Imagine if the Food Safety Authority adopted a similar proposal, abandoned inspections of restaurants by its officials and required all head chefs to have insurance, even though they were only employees of the restaurant owner. The cook would have to publicly display a certificate stating all the restaurant’s food was free from any defects. If there was an outbreak of salmonella, the cook’s insurance could be relied on to pay for hospitalisation costs of sick customers and compensation to families of dead customers. Never mind that the cook, as an employee, might not be responsible for the poor condition of the restaurant facilities or the substandard quality of the supplier’s ingredients. No doubt the rational behind requiring mandatory insurance to cover any defects in the food is that it would make cooks more careful and somebody accountable. They would have to inspect their food suppliers on a regular basis, but how often would be the question? The answer to this could be issued by the Food Safety Authorities in Guidelines for Cooks’ Inspections. I think this analogy goes some way to illustrate my point.

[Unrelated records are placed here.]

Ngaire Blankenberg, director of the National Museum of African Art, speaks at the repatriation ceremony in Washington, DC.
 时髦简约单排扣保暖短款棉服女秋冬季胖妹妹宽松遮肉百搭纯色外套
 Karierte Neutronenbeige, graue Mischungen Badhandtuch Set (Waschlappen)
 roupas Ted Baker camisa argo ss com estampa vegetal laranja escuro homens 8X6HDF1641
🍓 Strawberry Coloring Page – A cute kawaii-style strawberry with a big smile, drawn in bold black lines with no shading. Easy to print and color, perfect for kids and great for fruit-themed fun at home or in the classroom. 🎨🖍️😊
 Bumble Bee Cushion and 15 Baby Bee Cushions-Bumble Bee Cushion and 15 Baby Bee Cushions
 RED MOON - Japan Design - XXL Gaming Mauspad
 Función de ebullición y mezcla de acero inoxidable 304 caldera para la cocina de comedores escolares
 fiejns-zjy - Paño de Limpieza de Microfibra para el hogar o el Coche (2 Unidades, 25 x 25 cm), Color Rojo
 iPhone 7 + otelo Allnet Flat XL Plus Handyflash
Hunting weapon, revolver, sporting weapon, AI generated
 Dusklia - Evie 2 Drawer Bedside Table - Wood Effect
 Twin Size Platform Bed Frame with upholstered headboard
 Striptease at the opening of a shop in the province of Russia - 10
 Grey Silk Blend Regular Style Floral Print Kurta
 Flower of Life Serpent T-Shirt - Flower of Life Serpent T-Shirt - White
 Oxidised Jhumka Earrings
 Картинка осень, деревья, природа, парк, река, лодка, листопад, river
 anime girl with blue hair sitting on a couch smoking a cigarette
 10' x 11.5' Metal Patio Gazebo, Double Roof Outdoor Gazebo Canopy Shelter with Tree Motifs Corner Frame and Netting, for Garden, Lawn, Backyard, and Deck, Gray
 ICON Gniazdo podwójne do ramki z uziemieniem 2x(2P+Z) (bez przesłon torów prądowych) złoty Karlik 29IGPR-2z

I hope my observations are not too late to encourage a radical rethinking of the Department’s proposals, for they are surely needed. I am not just making these comments as an Architect with fifteen years experience who is eager to protect his profession from unworkable regulations, worthy a cause as that is. My wish is to be part of an industry that delivers a safe and healthy built environment. No one person or professional can be responsible for this and I look forward to new regulations that ensure that all participants are truly accountable for their own actions. Bad cases do not make for good laws. Even a good law is not workable if there are no immediate independent sanctions against those who breach them.